● PROBLEM STATEMENT: In the listing below, locate the line containing "Funny Shirts for" and the line containing "Maison de Penarvan". Output both of them and every line between, exactly as written, and nothing more.

● INPUT DATA:
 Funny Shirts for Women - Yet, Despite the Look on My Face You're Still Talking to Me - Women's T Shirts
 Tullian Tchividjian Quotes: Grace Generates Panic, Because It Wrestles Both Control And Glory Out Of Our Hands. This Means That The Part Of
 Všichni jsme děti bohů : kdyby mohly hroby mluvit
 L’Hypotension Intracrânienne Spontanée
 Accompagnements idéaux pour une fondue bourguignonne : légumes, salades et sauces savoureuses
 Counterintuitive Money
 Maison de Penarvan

---

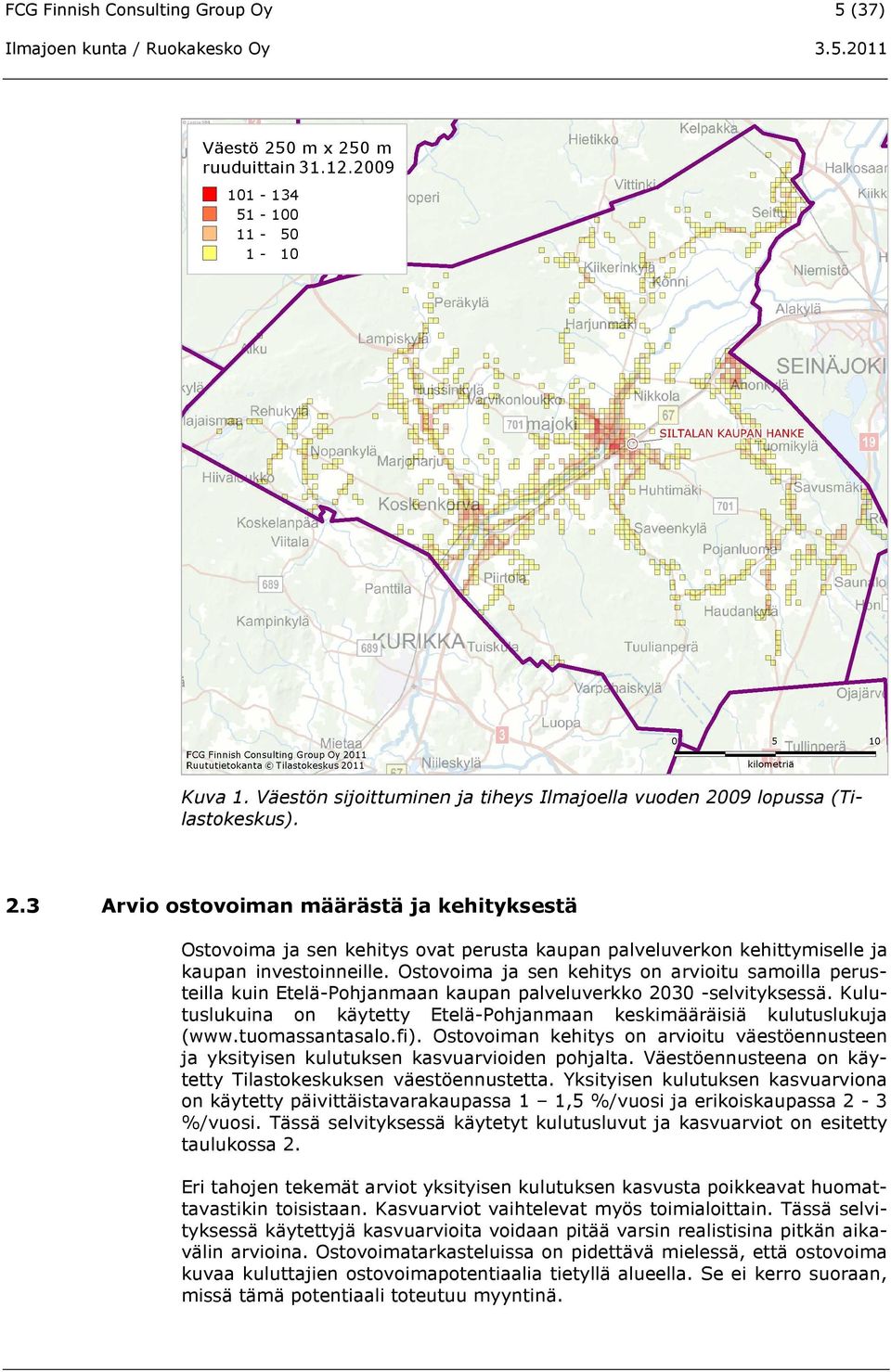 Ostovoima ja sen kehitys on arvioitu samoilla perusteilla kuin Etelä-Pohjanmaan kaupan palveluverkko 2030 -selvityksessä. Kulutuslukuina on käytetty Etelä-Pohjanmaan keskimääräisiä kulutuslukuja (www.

* * *

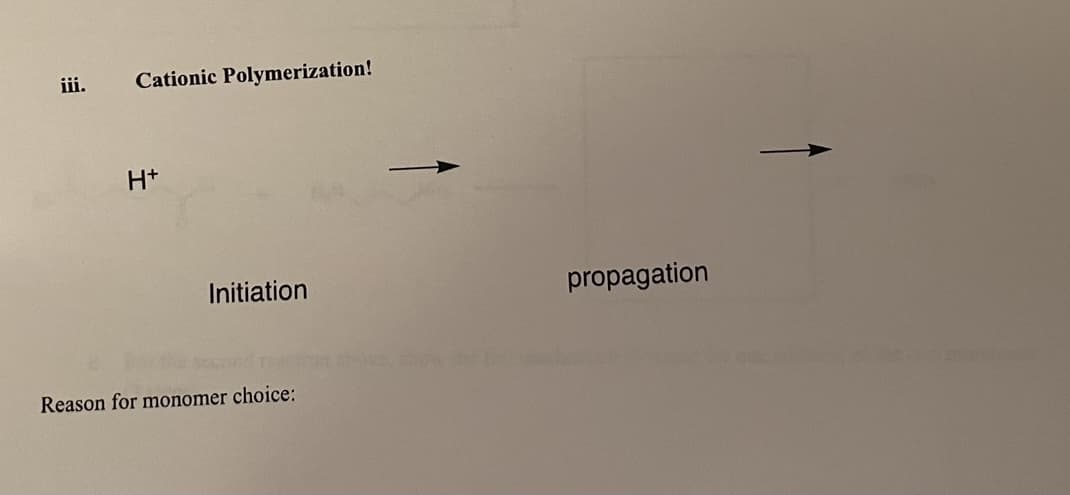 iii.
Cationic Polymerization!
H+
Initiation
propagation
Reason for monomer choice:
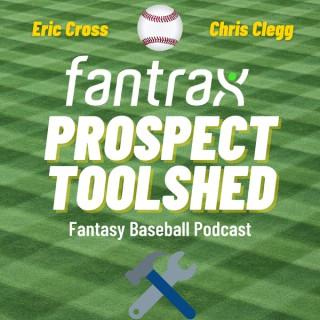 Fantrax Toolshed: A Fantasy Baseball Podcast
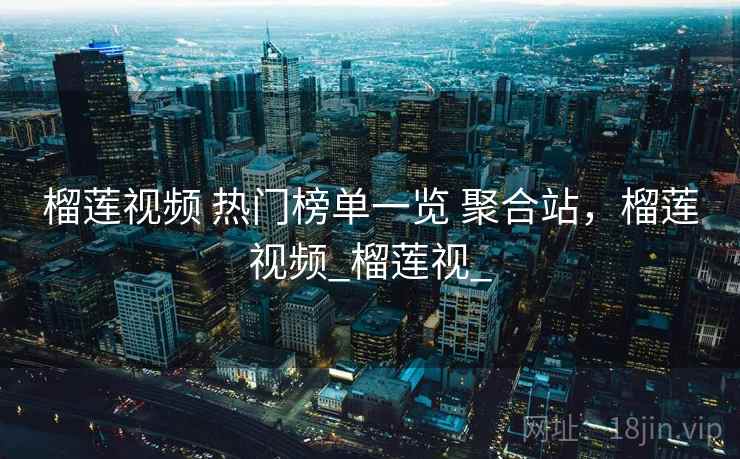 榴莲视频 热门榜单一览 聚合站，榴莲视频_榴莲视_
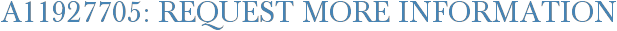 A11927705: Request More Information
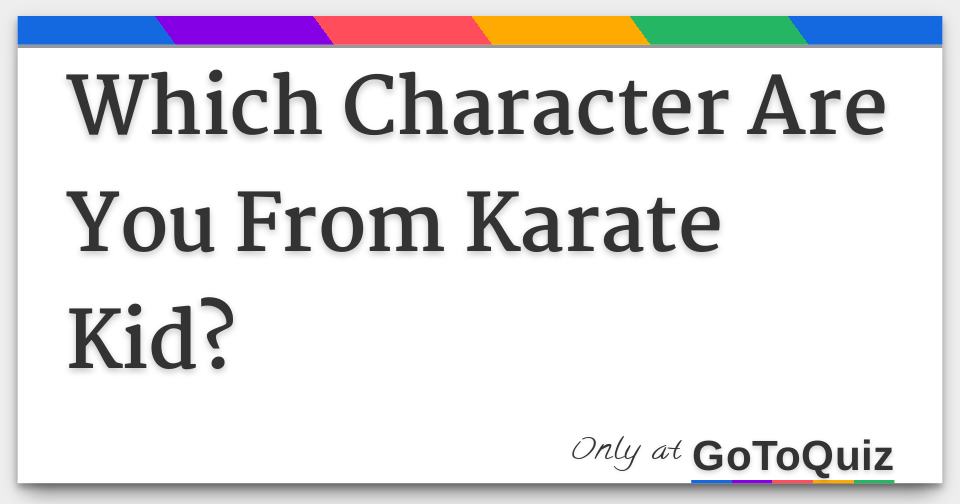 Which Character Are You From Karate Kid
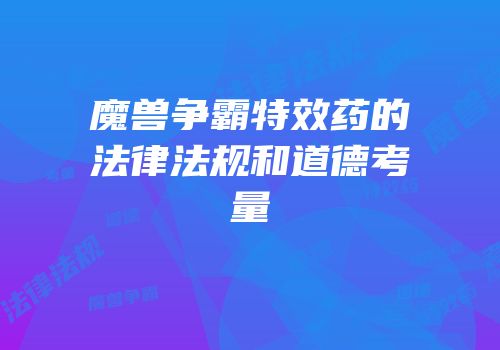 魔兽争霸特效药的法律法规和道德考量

● OUTPUT:
 Funny Shirts for Women - Yet, Despite the Look on My Face You're Still Talking to Me - Women's T Shirts
 Tullian Tchividjian Quotes: Grace Generates Panic, Because It Wrestles Both Control And Glory Out Of Our Hands. This Means That The Part Of
 Všichni jsme děti bohů : kdyby mohly hroby mluvit
 L’Hypotension Intracrânienne Spontanée
 Accompagnements idéaux pour une fondue bourguignonne : légumes, salades et sauces savoureuses
 Counterintuitive Money
 Maison de Penarvan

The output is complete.